By some measures, the number of international visitors to the United States has begun to slip, although foreign tourism to New York City set a record last year.
As news of the proposal emerged Friday, so did criticism.
“This is unnecessarily intrusive and beyond ridiculous,” Anil Kalhan, an associate professor of law at Drexel University who works on immigration and international human rights, wrote on Twitter.
Representatives of Facebook and Twitter did not immediately respond to requests for comment.
Along with the social media information, visa applicants will be asked for past passport numbers, phone numbers and email addresses; for records of past international travel; whether they have been deported or removed, or violated immigration law, in the past; and whether relatives have been involved in terrorist activities.
“Maintaining robust screening standards for visa applicants is a dynamic practice that must adapt to emerging threats,” the State Department said in a statement. “We already request limited contact information, travel history, family member information and previous addresses from all visa applicants. Collecting this additional information from visa applicants will strengthen our process for vetting these applicants and confirming their identity.”
Some 14 million people each year complete the online application for a nonimmigrant visa, known as the DS-160. It takes about 90 minutes to fill out, according to the department.
The San Bernardino, California, terrorist attack in 2015, which killed 14 people, focused attention on immigrants’ social-media use after officials acknowledged they had missed signs of online radicalization in an online-messaging platform used by the husband and wife who carried out the attack.
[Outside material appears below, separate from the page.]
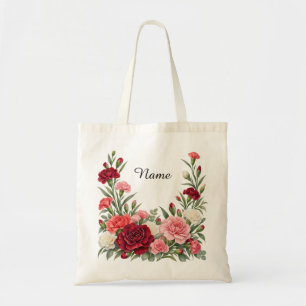 Personalised January Birth Flower Carnation Tote Bag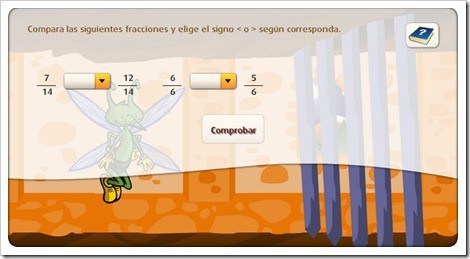 juego interactivo comparar fracciones quinto primaria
Last year, John F. Kelly, who was then the secretary of homeland security and is now Trump’s chief of staff, told members of Congress that his department was considering asking visitors for passwords and access to online accounts.
“We want to get on their social media, with passwords,” Kelly told members of the House Homeland Security Committee. “If they don’t want to cooperate, then you don’t come in.”
So far, the government has stopped short of demanding passwords, though travelers have reported being asked for them, on a sporadic basis, at airports and other ports of entry.
The new State Department requirements will not take effect immediately. The proposal set off a 60-day period for public comment, which ends May 29.
On Weibo, one of China’s largest social-media platforms, several users were critical of the plan.
“Does it mean someone’s visa application will likely be rejected if he/she has been critical of the U.S.?” one wrote. “What about your sacred ‘freedom of speech?’”
Another Weibo user wrote: “We Chinese have learned well enough the lessons to be drawn from isolation. Now it’s America’s turn.”